Et pourquoi la justice s'acharne sur cette demoiselle qui s'est simplement libérée d'une situation insoutenable ? Et comment ne pas la croire quand elle jure de dire toute la vérité ?
Moins poussé que dans The Imposter, la question de la vérité et de la manipulation est tout de même bien présente dans MDaD. Il est encore une fois question d'anges cachant des démons, d'illusions et de tour de passe passe, de délires collectifs auxquelles on finirait presque par se raccrocher. Sans jamais avoir recours à des reconstitutions (un exercice pernicieux et en même temps maladroit que TI a su relever car l'exploitant au maximum) mais avec une énorme batterie d'image d'archives, le film interroge et dérange. Comment autant de gens peuvent être bernés par une seule personne ? "Si c'était moi je l'aurais forcement vu" se dit-on, et pourtant les faits sont là. Ce scénario digne des meilleurs films de David Fincher se déroule devant nos yeux ébahis sans jamais juger ou prendre parti pour l'une des deux femmes. Les prises de positions viennent uniquement des témoins, de la famille, des professionnelles qui racontent leur versions des faits, leur regrets de n'avoir rien vu plus tôt, leur colère de s'être fait avoir si facilement. Ma seule déception est alors de ne pas avoir comme dans TI une évolution de la narration et des ressentis des intervenants. En effet le film de 2012 commençait par raconter la réalité comme elle a été perçue au début des faits avant de finir dans une introspection malheureuse de ces même évènements vu sous le prisme cette fois-ci de la vérité telle qu'on la connaît et pas telle que vécu.

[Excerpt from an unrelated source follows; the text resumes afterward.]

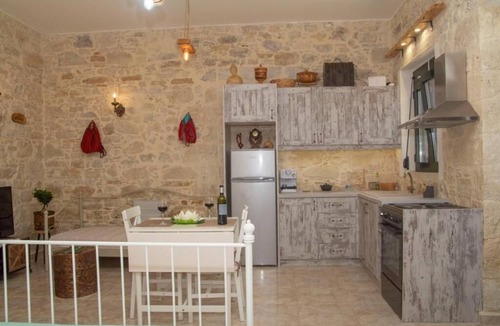 Kaliviani Apartment | ​Charming Stone Home in Kissamos – Near Balos & Falassarna!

MDaD mélange un peu tout ça, tout le temps. Très vite le subterfuge nous saute au visage quand ensuite le documentaire revient sur les doux moments passés entre la mère et sa famille, les mensonges, le crime, l'enfance en otage, une vie derrière les barreaux. Après tout c'est un parti pris et refaire la même chose que TI n'aurait pas forcement été bien. Et surtout ici, l'imposteur en question n'est plus, et la faute semble être toute autre.
Car plus que la question de la duperie, c'est le meurtre qui prend une place prédominante dans l'intrigue. Ses origines, son déroulé, ses conséquences. Sa légitimité. Dur de ressortir au bout de cette heure et demie avec un avis définitif sur les coupables, les innocents, la morale et la justice de cette histoire.
Mais il n'empêche que mon ressenti sur Compliance se confirme, et que ce dernier aurait du tout autant ne pas se priver du format documentaire (même si plus difficile à traiter sans preuves visuelles). Car MDaD transpire avant tout d'une sincérité folle. Quand bien même le long métrage joue avec nos nerfs et nos certitudes, la galerie d'intervenants n'en reste pas moins touchante, authentique et haute en couleurs. Gypsy est tellement complexe à cerner, son copain en particulier lors de l'interrogatoire est déconcertant et même le père de la jeune fille arrive à nous émouvoir tant il semble dépasser par les évènements.
Je reviens d'ailleurs juste sur la scène de fin qui m'a un peu gêné
Le film rattrape alors la vraie temporalité avec le père allant voir sa fille après l'annonce des 10 ans de prisons pour celle-ci (on est alors en 2016 et elle sortira normalement à ses 32 ans) et soudainement l'image prend un côté TV réalité. Ça fait sens avec ce qu'on nous montre donc à savoir un père qui réconforte sa fille qui voit une nouvelle partie de sa vie briser mais je trouve toujours ce genre de manière de filmer un peu putassière surtout après avoir eu 1h10 de cadrages et de mise en scènes très classique et effacé. N'empêche que de voir Gypsy affirmer que sa vie sera meilleure en prison puis au final la voir simplement pleurer dans les bras de son père parce qu'elle ne veut pas y aller pour les 10 prochaines années à venir, ça a quelque chose de bouleversant, peu importe comment vous filmer ça.
Encore une fois c'est de la facilité mais ce genre de films a bien peu à faire tant le matériau de base est fertile. Le genre d'histoire qui réveille notre curiosité macabre et notre fascination pour le côté sombre de l'âme humaine. A moins que justement non, ce ne soit ce qu'il peut y avoir de plus bon en nous malgré tout ce qu'il peut nous arriver qui est au centre de Mommy Dead and Dearest.